Sejuta Asa dari Sang 'TKI'



                  “Jika harus mengabdikan sebagian hidupku demi kebahagianmu, Nak! Saya akan memilih pilihan sesulit apapun…”
 
                Matanya nanar, mulutnya mengap-mengap menahan kantuk. Bulu kuduknya merinding, tak tahan dengan tusukan udara dingin pagi buta ini. Papan informasi bandara perihal kedatangan ibundanya jelas, pesawat dari Jakarta yang ditumpangi ibunda sudah posisi landing. Kedua kakaknya sudah mengambil posisi pas  di depan pintu kedatangan  penumpang pesawat. Meskipun tidur lelap ketiga bocah ini terusik hanya dengan sekali tepukanku, kakak sepupunya. Ketiganya sadar dan langsung berlompat. Subuh ini ibunda yang sepanjang tahun ini tak menemani hari-harinya, ibunda yang tak putus menasehati lewat suara di ujung telepon, ibunda yang tiap bulannya tak putus mengirimkan lembar-lembar rupiah untuk uang sekolahnya, tak lama lagi secara fisik akan mendekap tubuh kecil mereka.

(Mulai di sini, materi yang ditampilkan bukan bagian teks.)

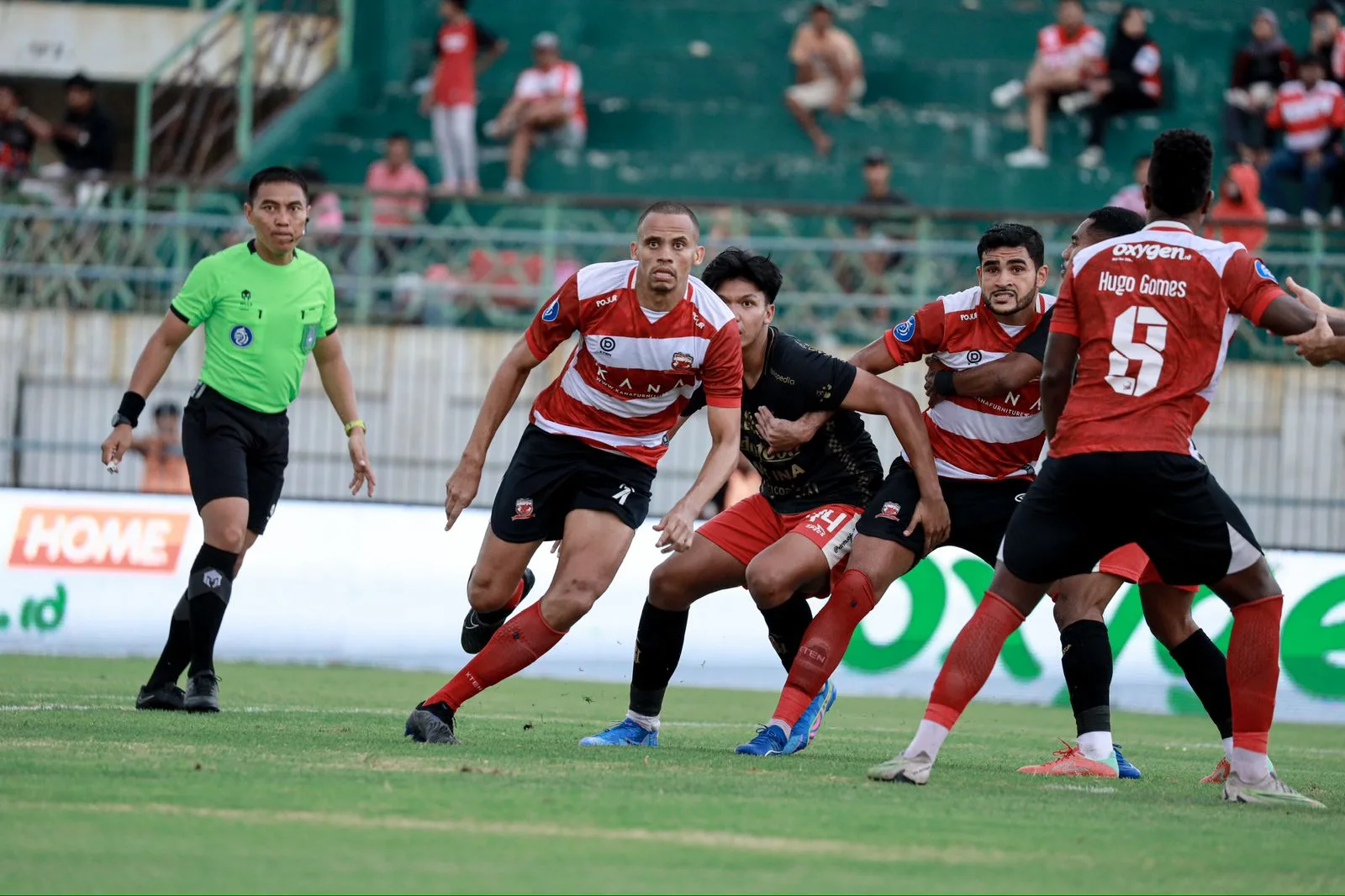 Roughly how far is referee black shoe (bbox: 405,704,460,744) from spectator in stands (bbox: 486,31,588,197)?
15.0 m

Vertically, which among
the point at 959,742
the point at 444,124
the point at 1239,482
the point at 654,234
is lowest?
the point at 959,742

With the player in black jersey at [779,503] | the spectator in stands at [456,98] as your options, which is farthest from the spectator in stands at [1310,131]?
the player in black jersey at [779,503]

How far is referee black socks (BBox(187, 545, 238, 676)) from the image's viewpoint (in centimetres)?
895

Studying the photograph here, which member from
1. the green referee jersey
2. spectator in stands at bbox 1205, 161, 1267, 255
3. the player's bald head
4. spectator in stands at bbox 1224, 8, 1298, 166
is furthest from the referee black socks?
spectator in stands at bbox 1224, 8, 1298, 166

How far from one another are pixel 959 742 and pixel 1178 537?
3.37 m

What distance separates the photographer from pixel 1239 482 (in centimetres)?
1761

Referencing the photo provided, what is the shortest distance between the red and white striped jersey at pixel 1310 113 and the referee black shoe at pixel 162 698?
15035mm

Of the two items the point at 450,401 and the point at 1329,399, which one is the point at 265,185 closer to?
the point at 450,401

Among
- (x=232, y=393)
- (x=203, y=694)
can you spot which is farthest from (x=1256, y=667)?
(x=232, y=393)

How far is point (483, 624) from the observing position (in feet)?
28.9

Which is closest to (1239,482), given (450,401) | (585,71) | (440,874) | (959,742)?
(450,401)

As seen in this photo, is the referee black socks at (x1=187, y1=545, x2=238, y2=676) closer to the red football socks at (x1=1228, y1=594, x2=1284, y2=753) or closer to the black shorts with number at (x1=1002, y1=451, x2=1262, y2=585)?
the black shorts with number at (x1=1002, y1=451, x2=1262, y2=585)

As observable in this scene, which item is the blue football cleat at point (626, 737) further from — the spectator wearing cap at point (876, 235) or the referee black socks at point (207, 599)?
the spectator wearing cap at point (876, 235)

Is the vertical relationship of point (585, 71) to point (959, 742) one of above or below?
above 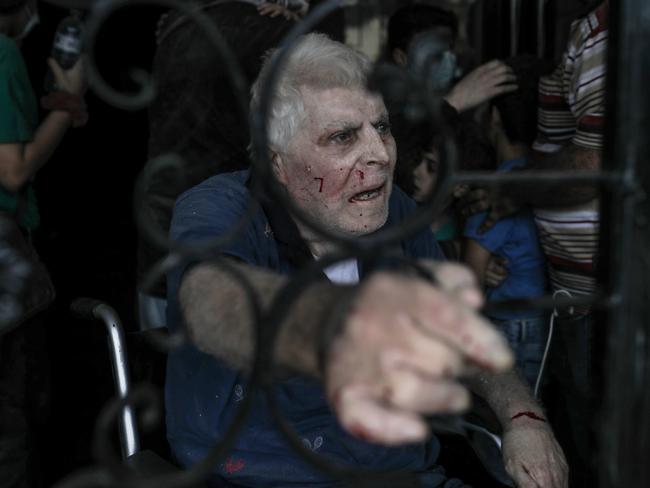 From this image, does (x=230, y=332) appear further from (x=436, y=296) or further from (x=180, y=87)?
(x=180, y=87)

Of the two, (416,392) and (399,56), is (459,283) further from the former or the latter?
(399,56)

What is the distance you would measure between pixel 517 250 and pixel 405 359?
198 centimetres

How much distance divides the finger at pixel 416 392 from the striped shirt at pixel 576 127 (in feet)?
4.23

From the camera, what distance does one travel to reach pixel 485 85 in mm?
2926

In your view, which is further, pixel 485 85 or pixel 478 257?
pixel 485 85

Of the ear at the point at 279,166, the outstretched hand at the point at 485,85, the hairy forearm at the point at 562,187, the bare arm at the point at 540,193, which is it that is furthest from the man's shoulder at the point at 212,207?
the outstretched hand at the point at 485,85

                Sudah berapa puluh manusia keluar di pintu kedatangan, tetapi sosok mungil yang dinanti-nanti belumlah menunjukkan batang hidungnya. Si bungsu berumur lima tahun ini lagi-lagi menguap panjang. Ekor matanya melirik seorang anak kecil yang memeluk robot mainan, berjalan beriringan dalam pelukan ibu dan ayahnya. Entah apa dipikiran bocah lima tahun ini.  Sebagai kakak sepupu, saya miris melihat mimik polos bocah bernama Alfat ini. Ada keinginan yang sangat besar di sana. Tangan saya lantas meraih tangannya, menggenggam dan mengalihkan perhatiannya ke pintu kedatangan.

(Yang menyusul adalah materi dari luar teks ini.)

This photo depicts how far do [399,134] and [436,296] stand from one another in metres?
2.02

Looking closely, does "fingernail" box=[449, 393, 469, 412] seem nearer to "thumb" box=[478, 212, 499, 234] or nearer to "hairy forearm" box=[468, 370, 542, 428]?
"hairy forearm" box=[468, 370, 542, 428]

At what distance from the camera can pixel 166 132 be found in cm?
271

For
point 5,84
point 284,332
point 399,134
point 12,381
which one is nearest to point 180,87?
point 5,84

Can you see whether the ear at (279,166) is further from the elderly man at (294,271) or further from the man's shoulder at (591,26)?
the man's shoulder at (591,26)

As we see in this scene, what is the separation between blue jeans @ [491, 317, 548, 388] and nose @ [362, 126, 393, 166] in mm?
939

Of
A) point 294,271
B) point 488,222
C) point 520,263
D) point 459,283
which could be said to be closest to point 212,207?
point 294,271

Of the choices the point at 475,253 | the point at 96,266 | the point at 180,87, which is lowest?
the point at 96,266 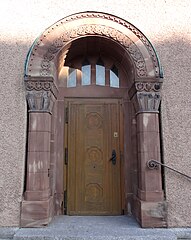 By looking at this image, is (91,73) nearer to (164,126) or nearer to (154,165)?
(164,126)

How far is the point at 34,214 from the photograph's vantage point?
368cm

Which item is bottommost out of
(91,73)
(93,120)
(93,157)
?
(93,157)

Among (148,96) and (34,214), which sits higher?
(148,96)

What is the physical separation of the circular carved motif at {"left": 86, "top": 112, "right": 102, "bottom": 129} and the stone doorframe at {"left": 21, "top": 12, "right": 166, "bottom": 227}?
0.72 m

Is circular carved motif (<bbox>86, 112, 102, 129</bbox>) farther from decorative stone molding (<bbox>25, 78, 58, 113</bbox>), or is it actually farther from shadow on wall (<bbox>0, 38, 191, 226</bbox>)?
shadow on wall (<bbox>0, 38, 191, 226</bbox>)

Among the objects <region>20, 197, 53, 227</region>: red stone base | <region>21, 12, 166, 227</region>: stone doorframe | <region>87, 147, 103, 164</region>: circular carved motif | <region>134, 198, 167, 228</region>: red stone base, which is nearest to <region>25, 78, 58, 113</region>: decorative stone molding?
<region>21, 12, 166, 227</region>: stone doorframe

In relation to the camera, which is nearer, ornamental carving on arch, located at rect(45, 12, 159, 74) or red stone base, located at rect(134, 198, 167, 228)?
red stone base, located at rect(134, 198, 167, 228)

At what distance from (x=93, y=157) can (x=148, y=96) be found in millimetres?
1610

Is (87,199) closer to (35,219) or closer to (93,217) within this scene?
(93,217)

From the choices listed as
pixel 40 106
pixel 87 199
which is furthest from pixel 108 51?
pixel 87 199

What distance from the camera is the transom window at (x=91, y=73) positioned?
4.82 m

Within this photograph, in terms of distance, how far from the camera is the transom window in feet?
15.8

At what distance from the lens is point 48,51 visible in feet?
13.5

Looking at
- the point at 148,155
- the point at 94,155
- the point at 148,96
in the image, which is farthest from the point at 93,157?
the point at 148,96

                Sepersekian detik, sosok yang dinanti akhirnya keluar. Rupanya kelebihan barang bagasi membuatnya harus menunggu lama semua barang bawaan. Ketiga bersaudara ini lantas berlari menghambur ke pelukan ibunya. Dengan penuh sukacita, sang ibu pun balik menciumi satu-satu ketiga buah hatinya dan memastikan kesehatan fisik sang anak yang lepas dari asuhannya. ‘’Ma, saya rengking satu di kelas,” si sulung dengan semangat melaporkan kegiatan akademiknya. Si tengah lantas menimpali, “saya sudah lancar baca Al-Qur’ an besar”, tak mau kalah. Sementara si bungsu, yang  berhati baik diam manja dalam pelukan sang ibu. Memeluk erat, meraba-raba wajah ibunya,  seolah berharap tidak ada lagi perpisahan.
                Menyaksikan adegan ini, air mata saya yang sedari tadi tergantung, luruh perlahan-lahan. Saya sadar betul, harga sebuah kerinduan itu sangatlah mahal. Rindu yang sepanjang tahun harus disimpan rapat-rapat sang ibu dan membungkusnya dengan sebuah ketegaran, rindu yang diangankan oleh bocah-bocah yang haus kasih sayang dan kelembutan penuh seorang ibu.               Semua bertumpah ruah di dini hari ini, 11 Januari 2013.
                Beliau adalah tante saya, adik keenam ayah. Olehnya, saya mendapat pelajaran hidup yang sangat inspiratif. Perjuangan seorang perempuan yang mengorbankan kebahagiaan hidupnya untuk ketiga buah hatinya. Saya tidak memilih ibu saya sendiri sebagai perempuan paling inspiratif, karena  beliau adalah malaikat sepanjang hidup saya di dunia. Membahasnya, tak cukup dengan ratusan karakter di atas tuts komputer.  Jadi saya memilih perempuan inspiratif itu ada dalam sosok tante saya ini, Tante Lalla.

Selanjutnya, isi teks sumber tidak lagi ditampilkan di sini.